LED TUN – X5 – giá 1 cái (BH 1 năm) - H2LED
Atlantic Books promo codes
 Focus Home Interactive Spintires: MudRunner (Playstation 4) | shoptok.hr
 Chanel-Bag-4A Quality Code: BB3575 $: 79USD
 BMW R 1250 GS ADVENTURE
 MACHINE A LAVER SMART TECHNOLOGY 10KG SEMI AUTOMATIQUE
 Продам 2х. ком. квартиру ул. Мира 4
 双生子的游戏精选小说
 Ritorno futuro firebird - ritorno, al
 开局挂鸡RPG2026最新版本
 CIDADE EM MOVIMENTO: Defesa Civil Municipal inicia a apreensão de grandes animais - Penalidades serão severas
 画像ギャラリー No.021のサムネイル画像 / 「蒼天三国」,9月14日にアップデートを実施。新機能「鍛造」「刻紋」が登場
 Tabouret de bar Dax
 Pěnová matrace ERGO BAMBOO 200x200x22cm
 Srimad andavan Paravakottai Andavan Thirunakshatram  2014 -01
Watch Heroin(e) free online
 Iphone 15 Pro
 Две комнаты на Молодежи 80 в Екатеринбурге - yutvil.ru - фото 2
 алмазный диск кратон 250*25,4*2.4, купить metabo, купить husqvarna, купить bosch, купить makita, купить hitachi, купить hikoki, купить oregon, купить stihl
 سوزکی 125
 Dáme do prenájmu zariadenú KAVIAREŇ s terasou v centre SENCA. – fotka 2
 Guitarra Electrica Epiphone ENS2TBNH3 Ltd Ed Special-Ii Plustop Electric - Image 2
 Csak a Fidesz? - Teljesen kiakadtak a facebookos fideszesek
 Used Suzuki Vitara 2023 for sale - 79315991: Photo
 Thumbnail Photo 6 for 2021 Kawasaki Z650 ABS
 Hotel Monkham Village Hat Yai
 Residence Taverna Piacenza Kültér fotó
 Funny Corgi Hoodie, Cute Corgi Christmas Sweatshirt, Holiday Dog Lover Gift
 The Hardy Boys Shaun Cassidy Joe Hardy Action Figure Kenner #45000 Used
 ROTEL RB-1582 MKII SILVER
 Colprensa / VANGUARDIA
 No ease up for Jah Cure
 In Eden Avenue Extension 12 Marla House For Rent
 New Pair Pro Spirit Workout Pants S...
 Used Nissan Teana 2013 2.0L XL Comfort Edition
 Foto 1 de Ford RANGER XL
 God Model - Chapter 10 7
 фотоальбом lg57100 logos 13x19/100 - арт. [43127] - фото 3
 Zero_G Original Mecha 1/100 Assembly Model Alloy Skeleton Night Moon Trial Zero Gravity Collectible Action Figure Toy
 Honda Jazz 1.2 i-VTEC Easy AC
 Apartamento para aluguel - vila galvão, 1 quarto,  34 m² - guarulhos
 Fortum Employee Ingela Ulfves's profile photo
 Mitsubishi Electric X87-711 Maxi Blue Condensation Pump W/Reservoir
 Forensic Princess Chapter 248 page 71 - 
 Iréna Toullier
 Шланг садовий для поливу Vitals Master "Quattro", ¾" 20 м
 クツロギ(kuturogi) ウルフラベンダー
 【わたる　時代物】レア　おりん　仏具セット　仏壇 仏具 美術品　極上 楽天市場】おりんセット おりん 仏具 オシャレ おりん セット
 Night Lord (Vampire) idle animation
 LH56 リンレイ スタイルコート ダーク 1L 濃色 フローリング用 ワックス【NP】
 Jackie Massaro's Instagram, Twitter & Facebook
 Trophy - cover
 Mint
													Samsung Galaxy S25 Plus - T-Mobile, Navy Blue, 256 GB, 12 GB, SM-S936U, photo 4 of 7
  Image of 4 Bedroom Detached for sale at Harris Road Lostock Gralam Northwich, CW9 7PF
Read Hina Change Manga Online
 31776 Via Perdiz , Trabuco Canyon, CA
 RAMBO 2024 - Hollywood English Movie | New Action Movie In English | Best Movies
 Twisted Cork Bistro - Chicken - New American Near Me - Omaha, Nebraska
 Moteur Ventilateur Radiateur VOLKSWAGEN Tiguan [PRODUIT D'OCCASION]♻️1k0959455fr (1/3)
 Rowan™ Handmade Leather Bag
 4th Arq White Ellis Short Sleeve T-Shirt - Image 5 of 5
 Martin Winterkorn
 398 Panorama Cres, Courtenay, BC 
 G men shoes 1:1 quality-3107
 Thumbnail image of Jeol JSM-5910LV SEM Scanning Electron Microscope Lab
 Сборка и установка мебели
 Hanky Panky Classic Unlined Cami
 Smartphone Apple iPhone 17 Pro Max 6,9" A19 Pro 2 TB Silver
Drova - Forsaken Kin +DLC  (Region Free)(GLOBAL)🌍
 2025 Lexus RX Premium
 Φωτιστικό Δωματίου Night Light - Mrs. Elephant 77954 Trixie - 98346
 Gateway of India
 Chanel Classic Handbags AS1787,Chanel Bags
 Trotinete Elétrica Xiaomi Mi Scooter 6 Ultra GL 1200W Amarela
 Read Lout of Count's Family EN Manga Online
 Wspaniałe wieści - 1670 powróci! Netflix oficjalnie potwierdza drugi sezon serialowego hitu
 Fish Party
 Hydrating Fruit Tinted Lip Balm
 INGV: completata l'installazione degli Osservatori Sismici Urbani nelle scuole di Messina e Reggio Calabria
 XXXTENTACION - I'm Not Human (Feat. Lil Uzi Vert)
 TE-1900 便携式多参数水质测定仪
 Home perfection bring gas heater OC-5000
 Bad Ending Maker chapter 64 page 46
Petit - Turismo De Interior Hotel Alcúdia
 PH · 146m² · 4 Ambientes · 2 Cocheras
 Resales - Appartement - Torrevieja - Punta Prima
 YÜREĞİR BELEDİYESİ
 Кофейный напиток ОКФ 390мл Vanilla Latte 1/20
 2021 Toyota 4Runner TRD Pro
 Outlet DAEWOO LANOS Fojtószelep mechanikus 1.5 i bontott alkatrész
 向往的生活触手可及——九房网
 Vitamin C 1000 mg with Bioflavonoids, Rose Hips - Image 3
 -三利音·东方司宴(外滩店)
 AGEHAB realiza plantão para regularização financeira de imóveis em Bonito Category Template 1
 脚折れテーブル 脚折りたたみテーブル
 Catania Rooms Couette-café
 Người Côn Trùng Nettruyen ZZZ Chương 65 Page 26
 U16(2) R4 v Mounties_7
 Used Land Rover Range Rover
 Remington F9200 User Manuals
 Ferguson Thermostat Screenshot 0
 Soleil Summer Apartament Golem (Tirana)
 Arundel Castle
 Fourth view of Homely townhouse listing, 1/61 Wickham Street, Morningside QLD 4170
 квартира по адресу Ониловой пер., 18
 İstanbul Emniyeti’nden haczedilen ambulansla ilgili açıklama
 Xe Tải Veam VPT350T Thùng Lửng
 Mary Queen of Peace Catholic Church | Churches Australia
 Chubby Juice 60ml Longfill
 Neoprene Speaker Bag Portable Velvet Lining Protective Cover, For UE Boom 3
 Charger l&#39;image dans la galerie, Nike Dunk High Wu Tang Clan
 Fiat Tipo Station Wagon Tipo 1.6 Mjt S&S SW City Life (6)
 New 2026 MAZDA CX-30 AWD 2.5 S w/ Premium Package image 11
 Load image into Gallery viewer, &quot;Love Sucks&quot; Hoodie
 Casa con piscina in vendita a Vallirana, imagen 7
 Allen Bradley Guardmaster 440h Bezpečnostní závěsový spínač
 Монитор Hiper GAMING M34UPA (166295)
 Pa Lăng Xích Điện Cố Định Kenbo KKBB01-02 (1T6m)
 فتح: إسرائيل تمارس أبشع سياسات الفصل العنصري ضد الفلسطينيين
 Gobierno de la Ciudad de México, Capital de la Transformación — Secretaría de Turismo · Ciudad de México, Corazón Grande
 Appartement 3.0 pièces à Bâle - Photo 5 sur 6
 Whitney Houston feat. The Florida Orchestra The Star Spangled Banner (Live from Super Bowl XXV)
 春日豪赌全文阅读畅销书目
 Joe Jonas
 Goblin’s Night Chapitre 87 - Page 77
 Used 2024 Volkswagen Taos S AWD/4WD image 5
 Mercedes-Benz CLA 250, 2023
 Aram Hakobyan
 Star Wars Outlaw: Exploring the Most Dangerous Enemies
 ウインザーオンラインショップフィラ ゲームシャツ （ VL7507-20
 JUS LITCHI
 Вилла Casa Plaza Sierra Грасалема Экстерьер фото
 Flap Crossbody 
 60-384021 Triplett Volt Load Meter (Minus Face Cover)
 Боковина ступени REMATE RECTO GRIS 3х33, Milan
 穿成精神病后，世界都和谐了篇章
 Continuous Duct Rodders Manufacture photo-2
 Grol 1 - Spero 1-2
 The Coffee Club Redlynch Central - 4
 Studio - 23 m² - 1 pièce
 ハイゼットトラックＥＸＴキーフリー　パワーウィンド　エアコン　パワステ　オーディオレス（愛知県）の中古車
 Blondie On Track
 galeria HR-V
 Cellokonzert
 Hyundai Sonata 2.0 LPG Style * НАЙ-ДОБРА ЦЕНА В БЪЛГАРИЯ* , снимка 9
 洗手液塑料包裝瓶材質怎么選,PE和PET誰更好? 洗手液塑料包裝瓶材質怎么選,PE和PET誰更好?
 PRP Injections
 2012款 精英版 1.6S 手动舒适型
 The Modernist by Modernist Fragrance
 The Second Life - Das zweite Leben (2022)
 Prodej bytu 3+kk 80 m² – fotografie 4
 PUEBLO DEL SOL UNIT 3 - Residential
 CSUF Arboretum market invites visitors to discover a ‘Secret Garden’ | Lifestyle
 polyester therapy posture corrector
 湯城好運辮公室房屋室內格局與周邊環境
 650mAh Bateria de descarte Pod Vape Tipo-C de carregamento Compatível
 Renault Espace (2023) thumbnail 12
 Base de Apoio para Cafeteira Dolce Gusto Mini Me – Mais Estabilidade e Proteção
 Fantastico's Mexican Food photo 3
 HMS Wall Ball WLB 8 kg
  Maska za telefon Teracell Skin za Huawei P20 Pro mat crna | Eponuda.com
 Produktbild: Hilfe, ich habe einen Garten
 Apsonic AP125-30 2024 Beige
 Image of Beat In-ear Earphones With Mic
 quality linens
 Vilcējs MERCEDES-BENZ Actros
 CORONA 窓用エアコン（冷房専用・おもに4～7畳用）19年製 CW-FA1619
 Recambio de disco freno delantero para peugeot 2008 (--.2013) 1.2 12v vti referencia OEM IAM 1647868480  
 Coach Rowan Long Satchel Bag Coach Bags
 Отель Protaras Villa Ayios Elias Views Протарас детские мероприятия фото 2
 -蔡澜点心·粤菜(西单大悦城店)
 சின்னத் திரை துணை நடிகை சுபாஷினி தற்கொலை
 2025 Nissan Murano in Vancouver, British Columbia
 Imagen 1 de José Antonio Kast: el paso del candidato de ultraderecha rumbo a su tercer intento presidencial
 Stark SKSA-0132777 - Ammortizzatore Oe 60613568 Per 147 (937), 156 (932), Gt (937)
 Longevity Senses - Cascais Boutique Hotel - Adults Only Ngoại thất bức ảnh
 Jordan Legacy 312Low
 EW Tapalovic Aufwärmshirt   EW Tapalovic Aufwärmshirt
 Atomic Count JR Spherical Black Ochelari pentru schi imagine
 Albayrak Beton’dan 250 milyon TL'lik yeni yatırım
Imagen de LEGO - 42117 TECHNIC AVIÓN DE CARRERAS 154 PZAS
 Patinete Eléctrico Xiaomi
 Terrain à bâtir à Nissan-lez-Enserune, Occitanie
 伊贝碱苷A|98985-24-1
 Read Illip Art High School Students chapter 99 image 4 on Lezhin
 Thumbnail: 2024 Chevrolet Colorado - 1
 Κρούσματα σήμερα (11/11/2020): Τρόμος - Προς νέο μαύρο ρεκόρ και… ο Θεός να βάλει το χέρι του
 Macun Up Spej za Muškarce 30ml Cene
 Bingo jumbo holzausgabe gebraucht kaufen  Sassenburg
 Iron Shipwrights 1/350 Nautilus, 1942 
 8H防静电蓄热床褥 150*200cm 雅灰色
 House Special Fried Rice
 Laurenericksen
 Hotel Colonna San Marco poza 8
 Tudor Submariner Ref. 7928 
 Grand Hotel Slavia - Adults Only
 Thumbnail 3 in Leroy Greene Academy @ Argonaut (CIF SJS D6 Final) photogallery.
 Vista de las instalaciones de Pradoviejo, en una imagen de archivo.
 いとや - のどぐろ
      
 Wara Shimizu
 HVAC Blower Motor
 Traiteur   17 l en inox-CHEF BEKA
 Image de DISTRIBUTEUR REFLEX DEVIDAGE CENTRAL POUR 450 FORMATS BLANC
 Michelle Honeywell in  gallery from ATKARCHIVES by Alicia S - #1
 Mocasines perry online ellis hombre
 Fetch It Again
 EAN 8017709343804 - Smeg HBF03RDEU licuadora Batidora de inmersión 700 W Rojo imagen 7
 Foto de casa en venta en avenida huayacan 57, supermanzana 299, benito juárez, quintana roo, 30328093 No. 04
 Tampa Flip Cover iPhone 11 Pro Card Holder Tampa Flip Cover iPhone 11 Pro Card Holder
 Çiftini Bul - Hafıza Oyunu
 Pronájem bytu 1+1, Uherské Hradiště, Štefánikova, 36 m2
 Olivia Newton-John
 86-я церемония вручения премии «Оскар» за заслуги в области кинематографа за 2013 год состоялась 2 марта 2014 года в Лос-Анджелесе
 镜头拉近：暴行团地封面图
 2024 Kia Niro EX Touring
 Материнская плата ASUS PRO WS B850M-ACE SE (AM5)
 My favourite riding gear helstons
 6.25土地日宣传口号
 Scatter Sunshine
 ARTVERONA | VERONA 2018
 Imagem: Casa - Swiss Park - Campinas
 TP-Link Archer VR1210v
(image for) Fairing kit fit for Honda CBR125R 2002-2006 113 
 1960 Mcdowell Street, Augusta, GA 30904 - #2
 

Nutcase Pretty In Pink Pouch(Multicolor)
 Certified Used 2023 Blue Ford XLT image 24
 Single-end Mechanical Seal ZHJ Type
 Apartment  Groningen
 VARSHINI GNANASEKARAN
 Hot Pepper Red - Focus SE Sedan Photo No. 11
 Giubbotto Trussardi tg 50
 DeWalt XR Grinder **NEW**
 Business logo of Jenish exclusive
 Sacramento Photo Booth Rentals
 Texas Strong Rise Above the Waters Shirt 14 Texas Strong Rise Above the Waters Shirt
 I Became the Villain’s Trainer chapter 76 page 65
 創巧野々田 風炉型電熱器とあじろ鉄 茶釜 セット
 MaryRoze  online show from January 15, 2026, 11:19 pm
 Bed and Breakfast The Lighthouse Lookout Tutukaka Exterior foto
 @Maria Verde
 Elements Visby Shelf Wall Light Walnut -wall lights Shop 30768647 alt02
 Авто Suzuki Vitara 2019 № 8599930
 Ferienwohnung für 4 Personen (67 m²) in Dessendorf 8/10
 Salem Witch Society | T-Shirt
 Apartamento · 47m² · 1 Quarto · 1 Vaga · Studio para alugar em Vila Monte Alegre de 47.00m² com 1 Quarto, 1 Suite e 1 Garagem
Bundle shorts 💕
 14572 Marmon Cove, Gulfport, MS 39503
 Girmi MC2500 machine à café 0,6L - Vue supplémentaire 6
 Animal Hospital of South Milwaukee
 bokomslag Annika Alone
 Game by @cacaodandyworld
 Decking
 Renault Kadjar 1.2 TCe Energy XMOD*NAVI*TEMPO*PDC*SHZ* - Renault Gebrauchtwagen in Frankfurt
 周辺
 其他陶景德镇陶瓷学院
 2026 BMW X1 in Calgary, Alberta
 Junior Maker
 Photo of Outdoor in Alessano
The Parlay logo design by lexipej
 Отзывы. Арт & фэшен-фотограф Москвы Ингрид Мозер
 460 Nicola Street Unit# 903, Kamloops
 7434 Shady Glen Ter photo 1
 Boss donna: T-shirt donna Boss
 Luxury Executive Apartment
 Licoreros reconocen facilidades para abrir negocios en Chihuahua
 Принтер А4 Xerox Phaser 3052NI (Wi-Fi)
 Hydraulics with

==================================================

Exercise requirements:
Give again, word for word, every line of the listing above from the one with "Srimad andavan Paravakottai" to the one with "God Model - Chapter 10 7", both inclusive, and nothing beyond them.

Result:
 Srimad andavan Paravakottai Andavan Thirunakshatram  2014 -01
Watch Heroin(e) free online
 Iphone 15 Pro
 Две комнаты на Молодежи 80 в Екатеринбурге - yutvil.ru - фото 2
 алмазный диск кратон 250*25,4*2.4, купить metabo, купить husqvarna, купить bosch, купить makita, купить hitachi, купить hikoki, купить oregon, купить stihl
 سوزکی 125
 Dáme do prenájmu zariadenú KAVIAREŇ s terasou v centre SENCA. – fotka 2
 Guitarra Electrica Epiphone ENS2TBNH3 Ltd Ed Special-Ii Plustop Electric - Image 2
 Csak a Fidesz? - Teljesen kiakadtak a facebookos fideszesek
 Used Suzuki Vitara 2023 for sale - 79315991: Photo
 Thumbnail Photo 6 for 2021 Kawasaki Z650 ABS
 Hotel Monkham Village Hat Yai
 Residence Taverna Piacenza Kültér fotó
 Funny Corgi Hoodie, Cute Corgi Christmas Sweatshirt, Holiday Dog Lover Gift
 The Hardy Boys Shaun Cassidy Joe Hardy Action Figure Kenner #45000 Used
 ROTEL RB-1582 MKII SILVER
 Colprensa / VANGUARDIA
 No ease up for Jah Cure
 In Eden Avenue Extension 12 Marla House For Rent
 New Pair Pro Spirit Workout Pants S...
 Used Nissan Teana 2013 2.0L XL Comfort Edition
 Foto 1 de Ford RANGER XL
 God Model - Chapter 10 7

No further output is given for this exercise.